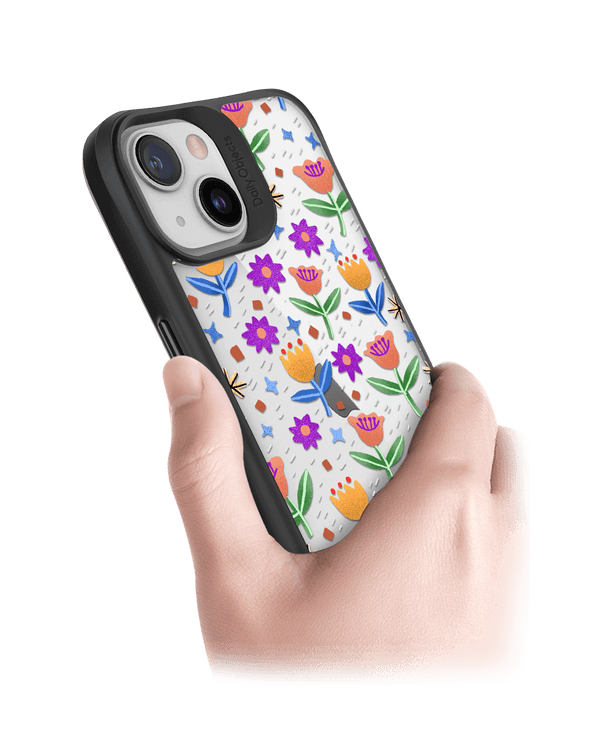 DailyObjects Shining Tulips Black Hybrid Clear Case Cover For iPhone 13 Mini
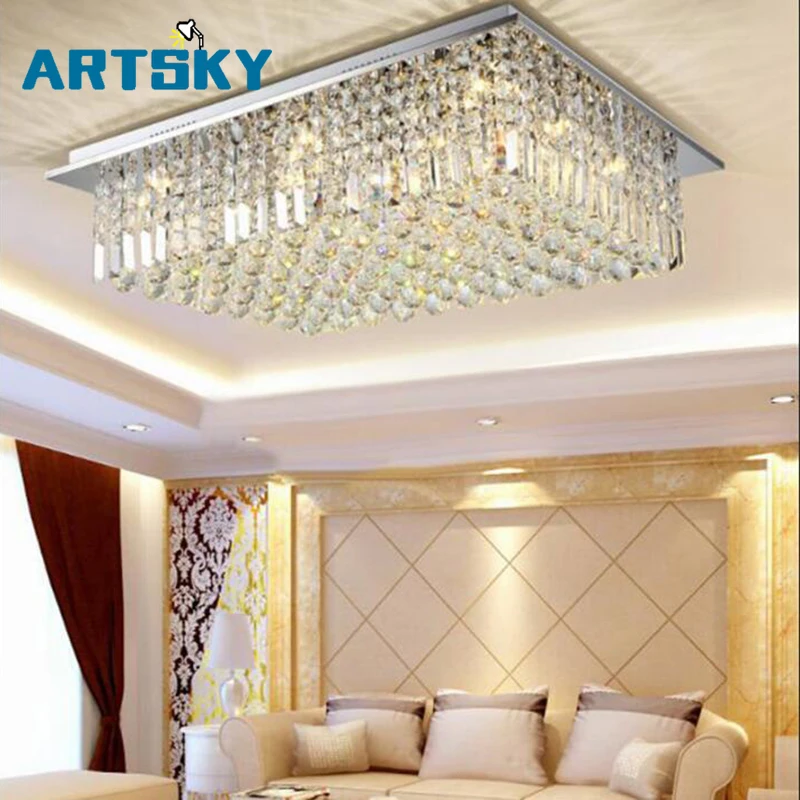 

Modern Rectangular Clear Crystal Ceiling Lamp for Living Room Bedroom Kitchen Lighting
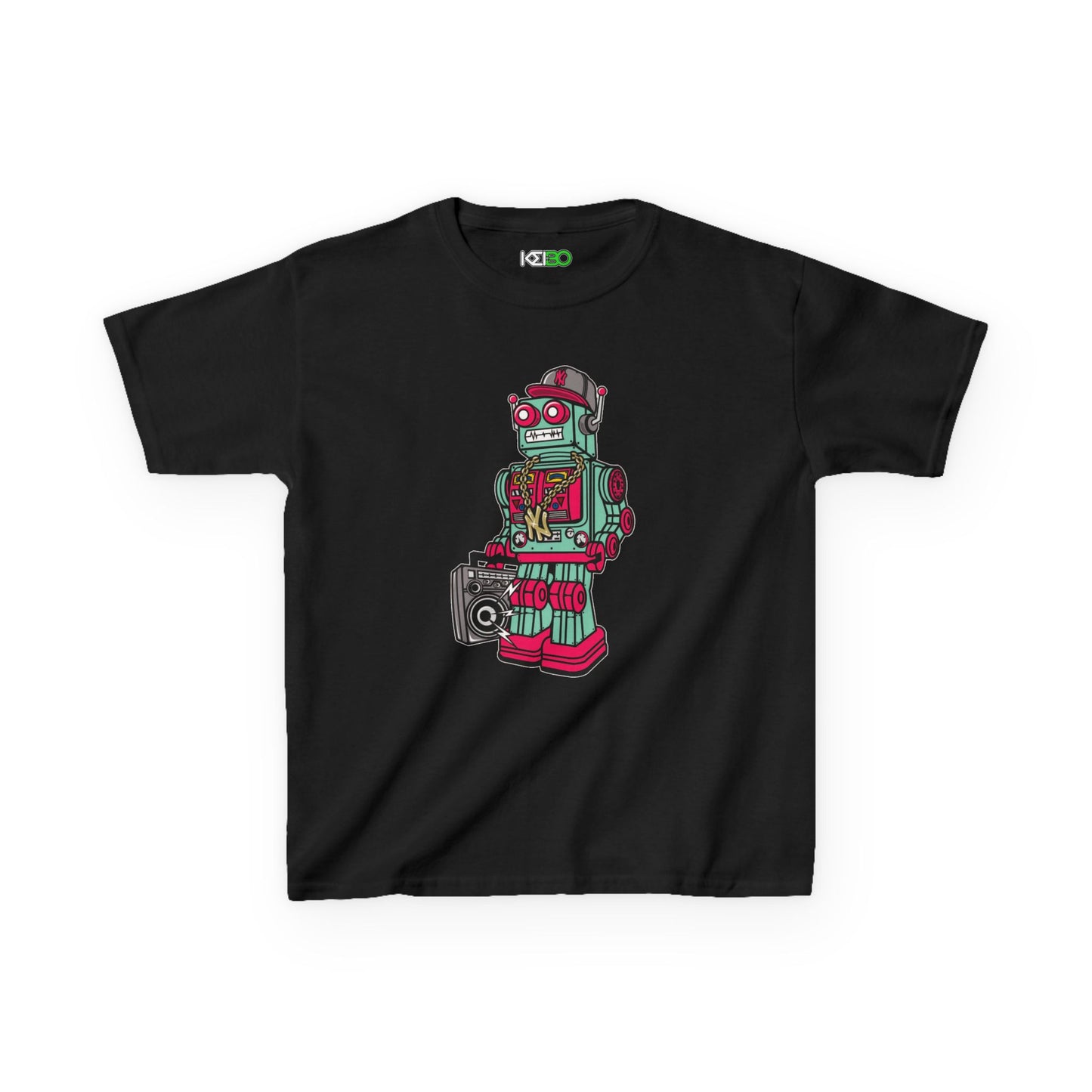 Retro Robot Kids Heavy Cotton Tee - Fun & Stylish Kids T-Shirt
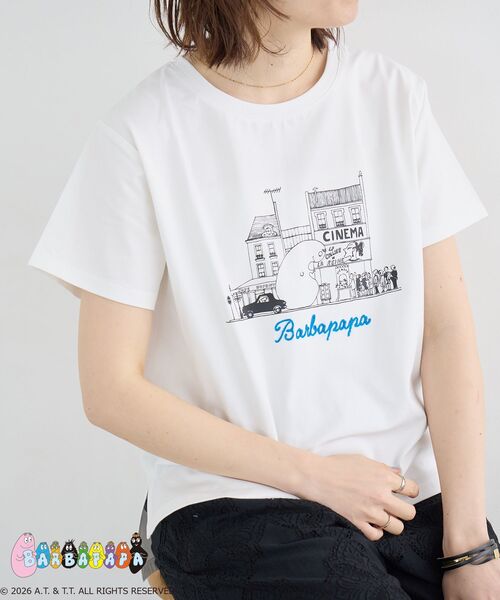 le.coeur blanc(ルクールブラン)の「【BARBAPAPA】アートプリントTシャツ(Tシャツ/カットソー・レディース・オフホワイト/ブラック・38)」の5枚目の写真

**Directions for this task**:
Leave every picture out, and transcribe the data above exactly as it reads.

**Task solution**:
 DailyObjects Shining Tulips Black Hybrid Clear Case Cover For iPhone 13 Mini

Modern Rectangular Clear Crystal Ceiling Lamp for Living Room Bedroom Kitchen Lighting
 Retro Robot Kids Heavy Cotton Tee - Fun & Stylish Kids T-Shirt
 le.coeur blanc(ルクールブラン)の「【BARBAPAPA】アートプリントTシャツ(Tシャツ/カットソー・レディース・オフホワイト/ブラック・38)」の5枚目の写真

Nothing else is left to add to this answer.